Captioned web image data

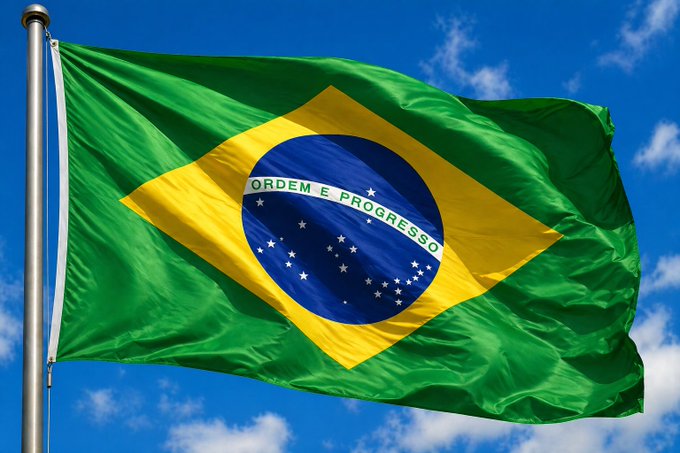 The Brazilian flag waves against a blue sky, displaying its iconic green and yellow design with a blue globe bearing the national motto "ORDEM E PROGRESSO." The image accompanies news that Brazil has taken the strictest regulatory action against prediction market platforms, banning services like Polymarket and Kalshi by blocking them at the telecom level.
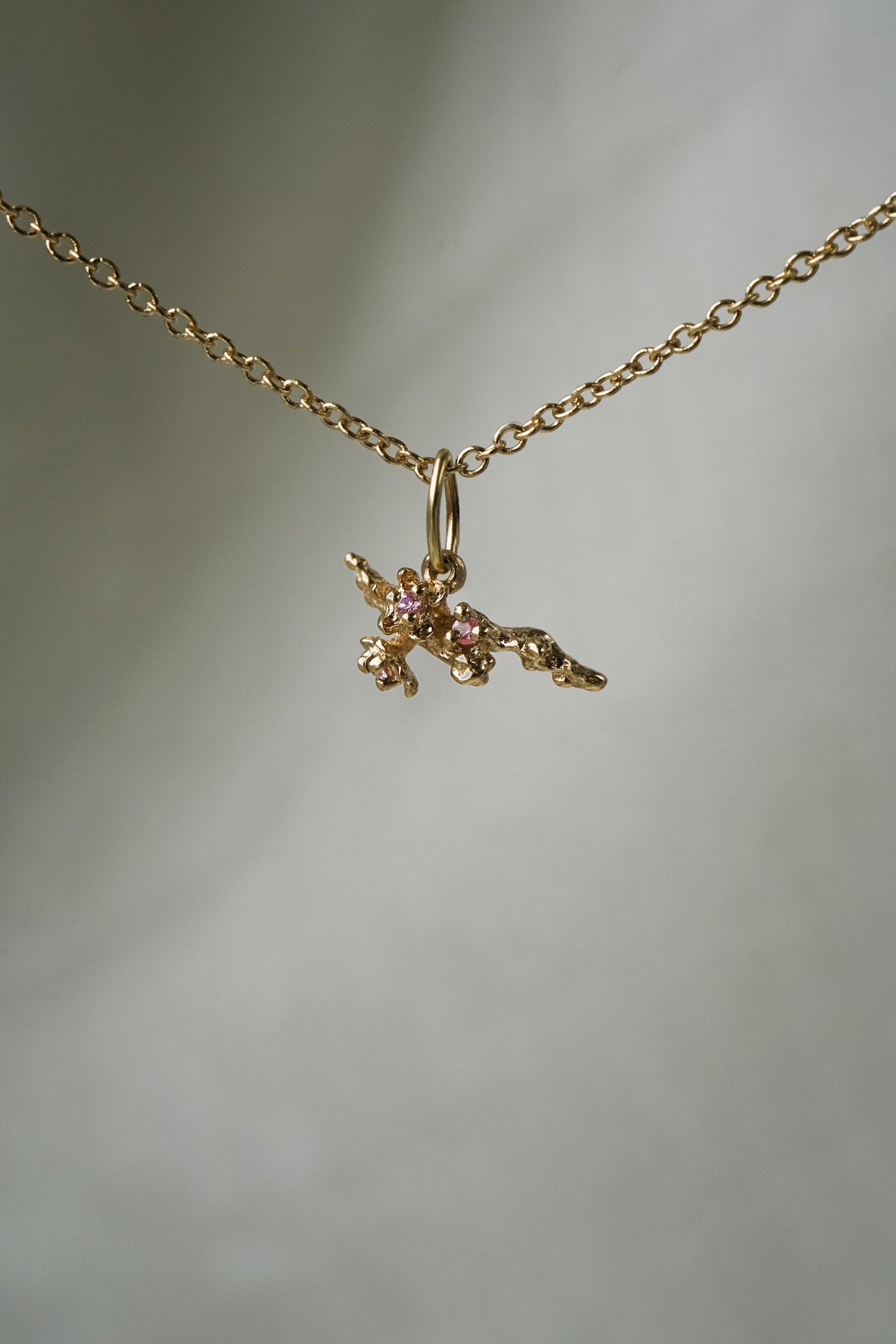 A delicate, hand-carved cherry blossom branch charm with pink sapphire blooms,  hanging from a 1mm cable chain with smooth oval links. Handmade in Toronto by Laurie Fleming Jewellery.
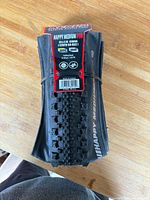 Front of folded tire with product tag visible
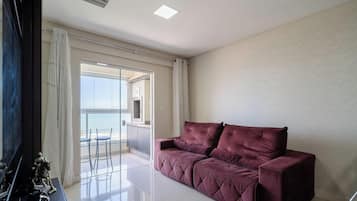 Apartamento básico | Área de estar | Smart TV 32 polegadas com canais digitais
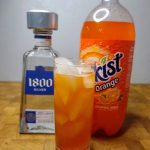vodka and orange soda with ingredients behind the glass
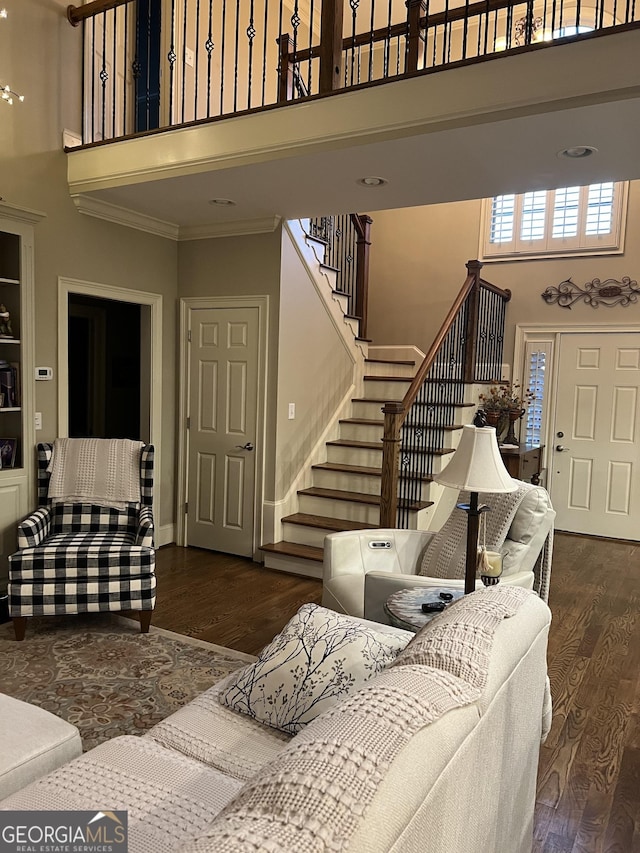 living room with stairs, a towering ceiling, and wood finished floors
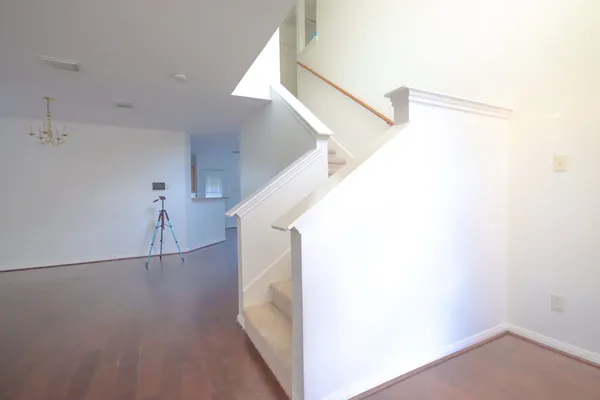 a view of a hallway with staircase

● Work required
Every line from the line containing "Front of folded" through the last line above is to be printed exactly. Pictures are not copied.

● Answer for this exercise
 Front of folded tire with product tag visible
 Apartamento básico | Área de estar | Smart TV 32 polegadas com canais digitais
vodka and orange soda with ingredients behind the glass
 living room with stairs, a towering ceiling, and wood finished floors
 a view of a hallway with staircase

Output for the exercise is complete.